Antrag des Bundesrates
Le Conseil fédéral propose de rejeter la motion.
Stellungnahme des Bundesrates
La loi sur l'assurance-chômage (LACI) ainsi que l'ordonnance du DFE sur le financement des mesures relatives au marché du travail permet aux cantons d'offrir aux personnes assurées des mesures du marché du travail (MMT) pour les aider à (re)trouver rapidement et durablement un emploi. Il appartient aux autorités cantonales de décider du type et du volume des MMT qui dépendent également du besoin en la matière sur les marchés régionaux de l'emploi.
Le but avéré de la Confédération et des cantons est de permettre, si possible, à tous les jeunes de suivre une formation après la scolarité obligatoire, et ce avant même de considérer toute participation à une mesure du marché du travail.
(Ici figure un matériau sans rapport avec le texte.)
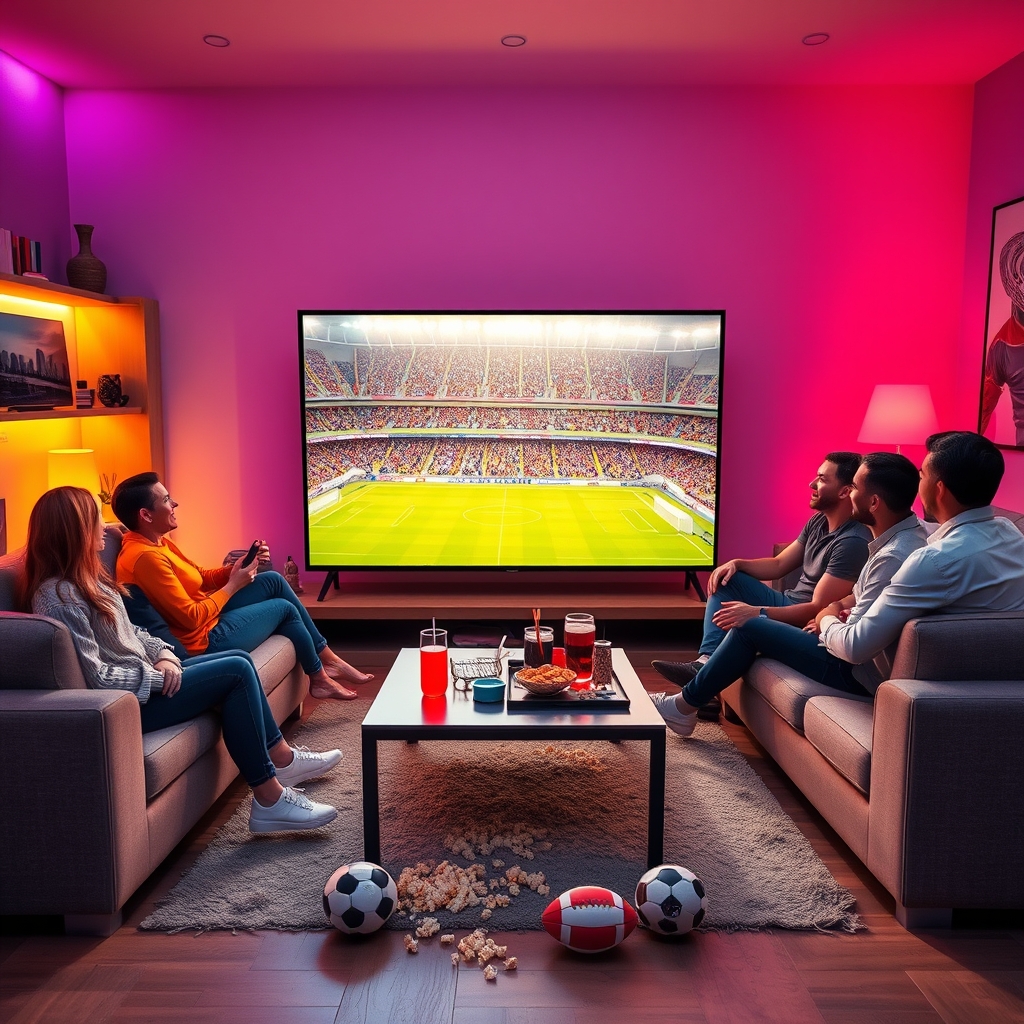 iptv free player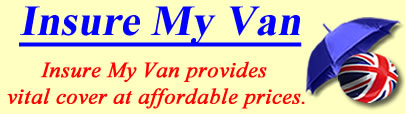 Image of Insure My Van, Insure My Van insurance quotes, Insure My Van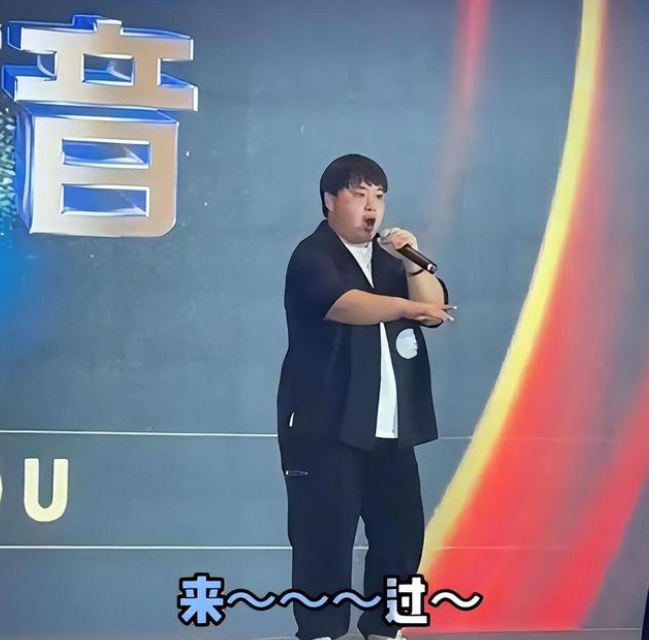好声音再爆雷：海选前十名花10万可以上节目唱一首歌，有交易记录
Ces dernières années, les autorités ont élaboré, en collaboration avec les organisations du monde du travail, un éventail complet visant à intégrer dans la formation professionnelle les jeunes en difficulté scolaire ou sociale. Le marketing des places d'apprentissage, la gestion de cas Formation professionnelle, l'encouragement individuel et le mentorat se sont montrés particulièrement efficaces. La situation des jeunes fait l'objet d'une attention constante et les outils à disposition peuvent en tout temps être renforcés, là où le besoin se fait sentir.
Par ailleurs, l'assurance-chômage (AC) met également à disposition des jeunes en fin de scolarité ou de formation des semestres de motivation. Cette dernière mesure convient tout à fait à l'accompagnement des jeunes sans formation et favorise leur passage à la formation professionnelle.
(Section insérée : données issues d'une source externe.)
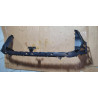 A1678856303 Mercedes-Benz Front Bumper Grille Center Cover Support Rail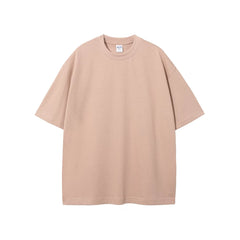 Kanye West x CPFM Heavyweight T-Shirt – Nude / Taupe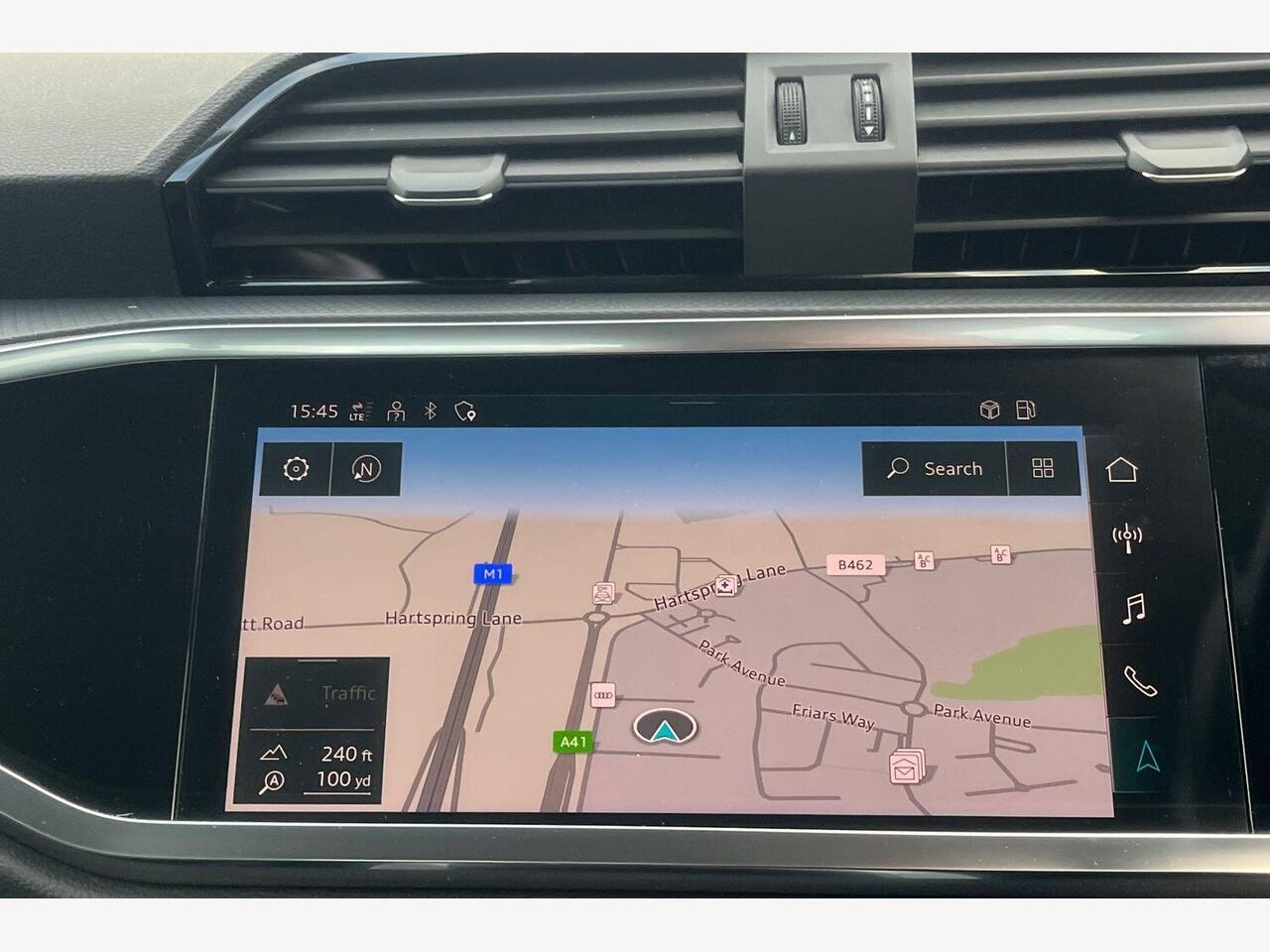 Used Audi Q3 2021 for sale - 76487085: Photo 16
Dans le domaine de l'AC, le financement des MMT réglementé dans l'ordonnance susmentionnée se base, depuis le 1er janvier 2009, sur un nouveau modèle de calcul. L'introduction de ce nouveau modèle de financement n'a aucune influence particulièrement néfaste sur les dépenses budgétées pour les jeunes. Les budgets-cadre des cantons prévoient d'allouer pour 2009 plus de 4 % de plus que l'année précédente pour les semestres de motivation. Cela signifie une hausse de trois millions de francs sur le budget qui passe ainsi à 72 millions de francs. Ceci correspond à une part de près de 15 % sur les dépenses totales budgétées pour les MMT en 2009.
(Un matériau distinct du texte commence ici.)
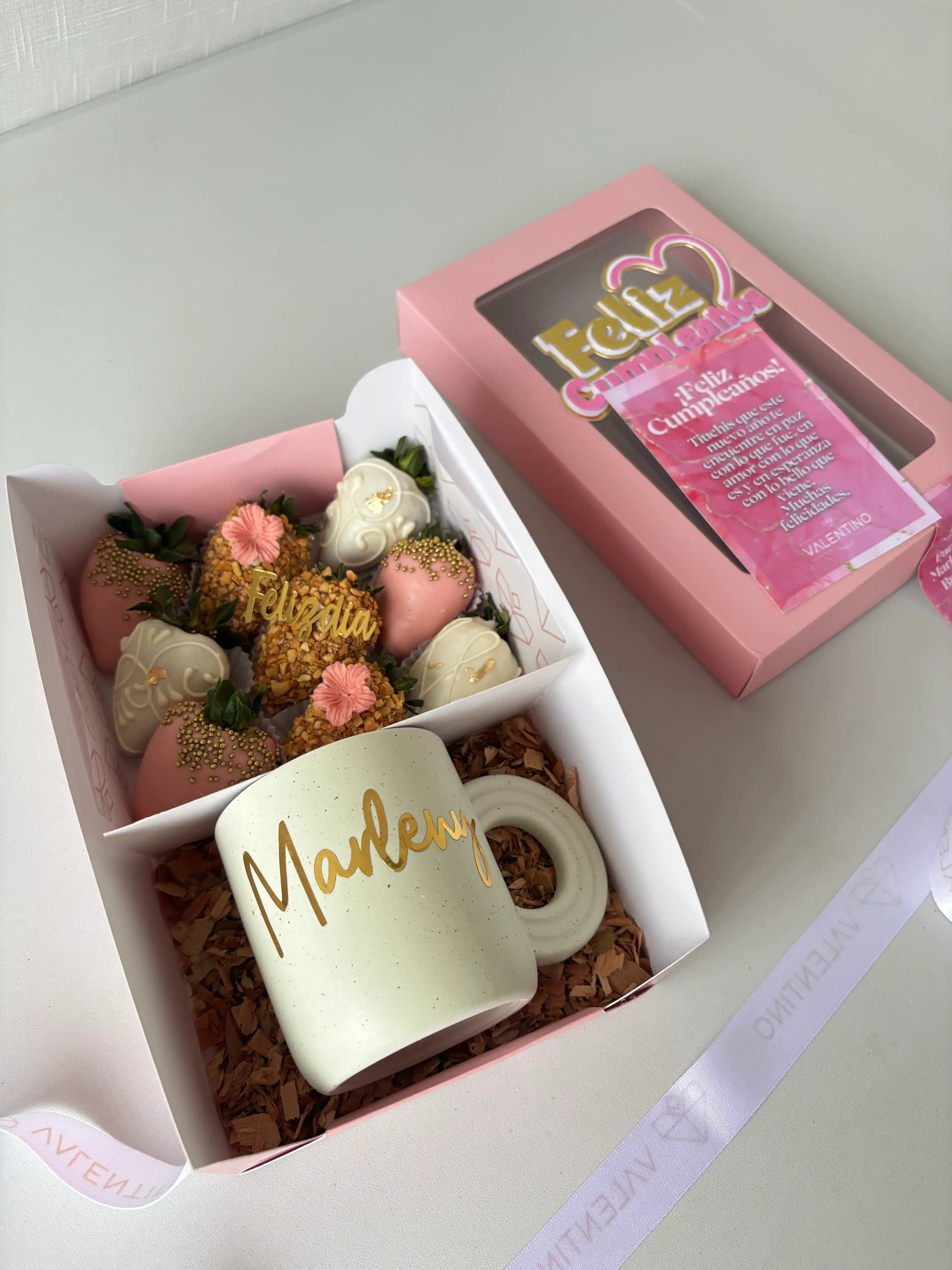 Caja Karlina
En outre, la nouvelle ordonnance du DFE permet désormais aux cantons de demander un dépassement de leur budget, dans des conditions bien spécifiques comme par exemple en cas de recrudescence du chômage des jeunes. Les cantons peuvent ainsi se voir mettre à disposition des moyens financiers supplémentaires.
Le Conseil fédéral propose de rejeter la motion.